2.3 Audio fingerprint extraction

       Audio fingerprints intend to capture the relevant perceptual features of audio. At the same
time extracting and searching fingerprints should be fast and easy, preferably with a small
granularity to allow usage in highly demanding applications (e.g. mobile phone recognition). A
few fundamental questions have to be addressed before starting the design and implementation
of such an audio fingerprinting scheme. The most prominent question to be addressed is: what
kind of features are the most suitable. A scan of the existing literature shows that the set of

relevant features can be broadly divided into two classes: the class of semantic features and the
class of non-semantic features.

       Typical elements in the former class are genre, beats-per-minute, and mood. These types
of features usually have a direct interpretation, and are actually used to classify music, generate
play-lists and more.

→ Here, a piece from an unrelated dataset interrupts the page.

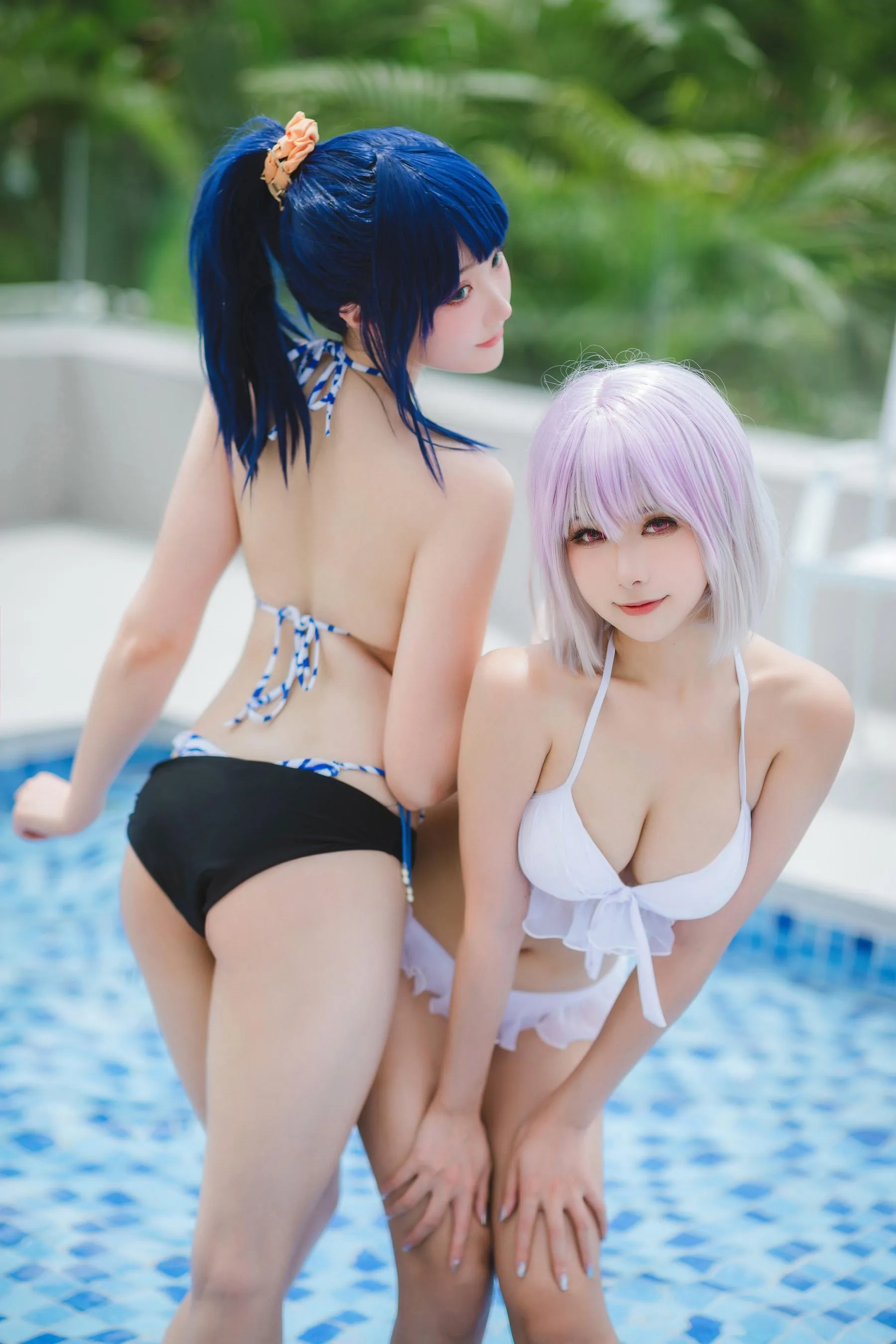 Momoko葵葵 – NO.35 瓜希酱 SSSS.GRIDMAN 宝多六花新条茜 泳装 [55P]插图6
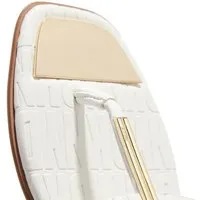 dkny sandales, deja - flat thong sandal 5mm en blanc - pour dames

The latter class consists of features that have a more mathematical nature
and are difficult for humans to „read‟ directly from music. A typical element in this class is
Audio Flatness that is proposed in MPEG-7 as an audio descriptor tool. For the work described
in this paper we have for a number of reasons explicitly chosen to work with non-semantic

   1. Semantic features don‟t always have a clear and unambiguous meaning. I.e. personal
       opinions differ over such classifications. Moreover, semantics may actually change over
       time. For example, music that was classified as hard rock 25 years ago may be viewed as
       soft listening today. This makes mathematical analysis difficult.

   2. Semantic features are in general more difficult to compute than non-semantic features.

   3. Semantic features are not universally applicable. For example, beats-per-minute does not
       typically apply to classical music.

2.4 Extraction Algorithm

       Most fingerprint extraction algorithms are based on the following approach. First the
audio signal is segmented into frames. For every frame a set of features is computed. Preferably
the features are chosen such that they are invariant (at least to a certain degree) to signal
degradations. Features are mapped into a more compact representation by using classification
algorithms, such as Hidden Markov Models , or quantization . The compact representation of a
single frame will be referred to as a sub-fingerprint. The global fingerprint procedure converts a

stream of audio into a stream of sub-fingerprints. One sub-fingerprint usually does not contain
sufficient data to identify an audio clip. The basic unit that contains sufficient data to identify an
audio clip (and therefore determining the granularity) will be referred to as a fingerprint block.
The proposed fingerprint extraction scheme is based on this general streaming approach. It
extracts 32-bit sub-fingerprints for every interval of 11.6 milliseconds. A fingerprint block
consists of 256 subsequent sub-fingerprints, corresponding to a granularity of only 3 seconds.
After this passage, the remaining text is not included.